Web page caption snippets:
◆ ◆ ◆
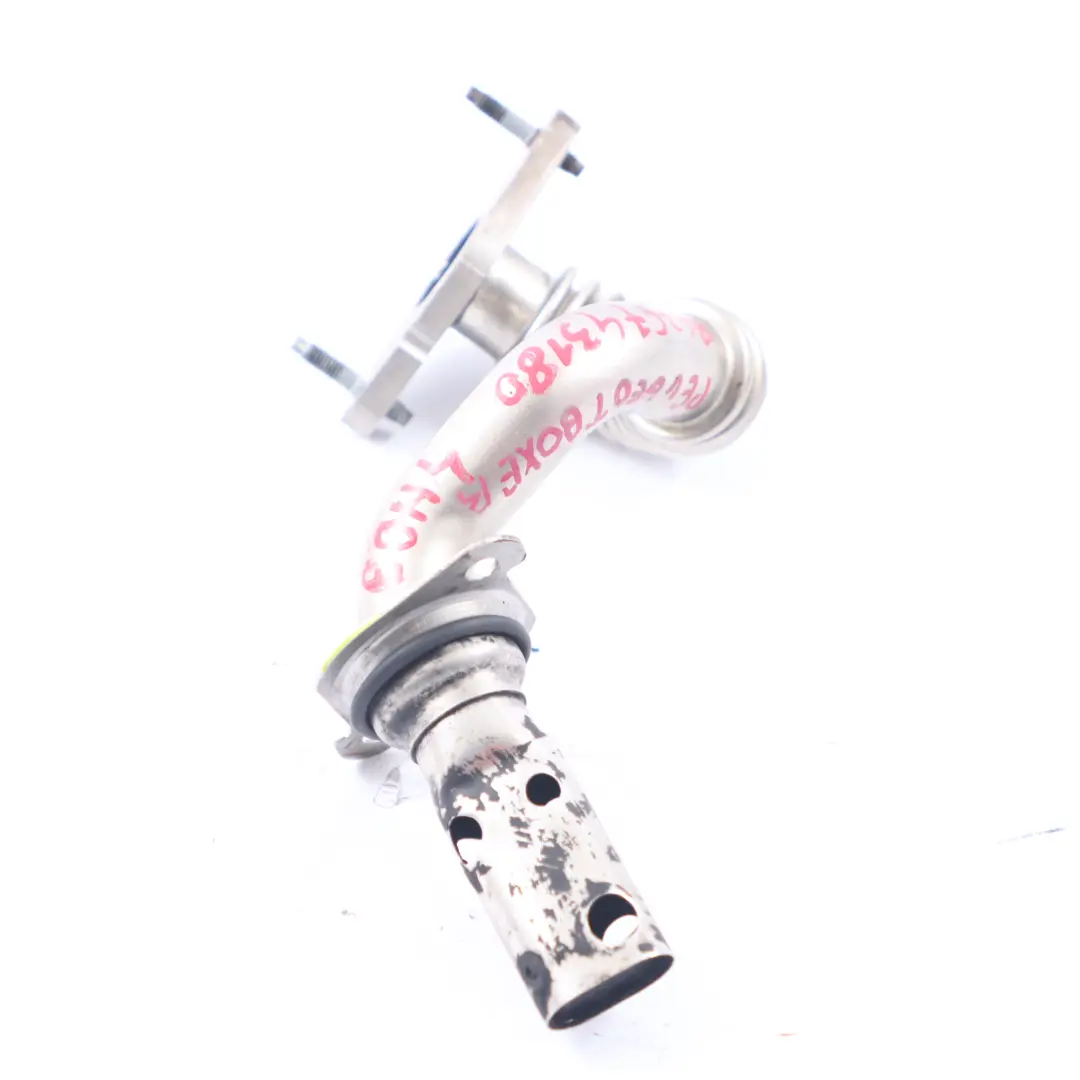 Valve Cooler Pipe Hose Line to Peugeot Boxer 3 2.2 HDi Diesel Engine EGR with Part number 9675743180 Peugeot Boxer 3 2.2 HDi Diesel Engine EGR Valve Cooler Pipe Hose Line - SKU 9675743180 - Part number 9675743180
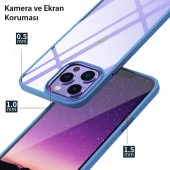 Newface iPhone 14 Pro Uyumlu Kılıf Power Silikon - 5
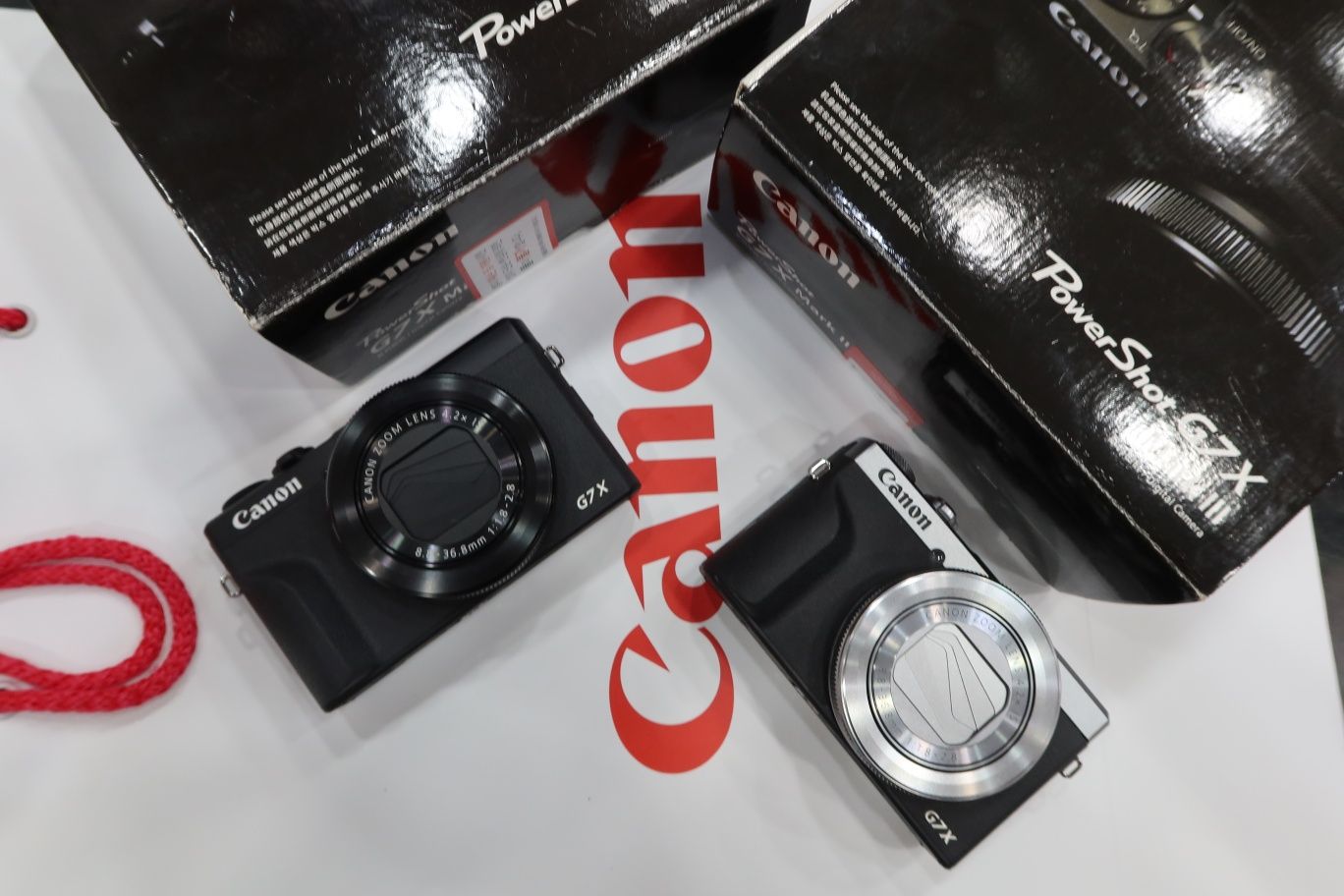 Canon Powershot G7X Mark3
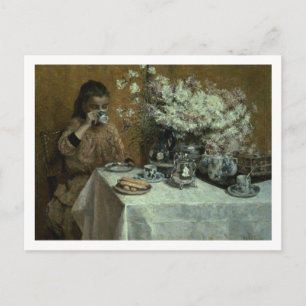 Carte Postale Thé de l'après-midi
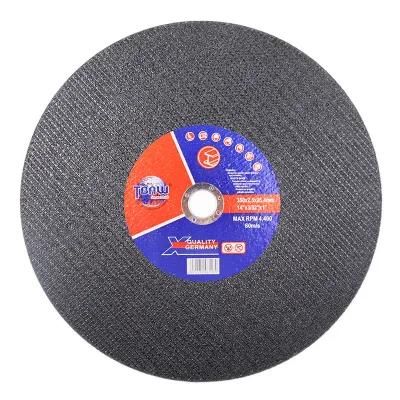 14inch 350mm Cut off Toolings Abrasive Cutting Disc for Metal Steel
◆ ◆ ◆
**ABOUT THIS TASK:** Of the entries above, print exactly those lines that run from the one containing "Canon Powershot G7X Mark3" through the last line, excluding any pictures.

**REPLY:**
 Canon Powershot G7X Mark3
 Carte Postale Thé de l'après-midi
 14inch 350mm Cut off Toolings Abrasive Cutting Disc for Metal Steel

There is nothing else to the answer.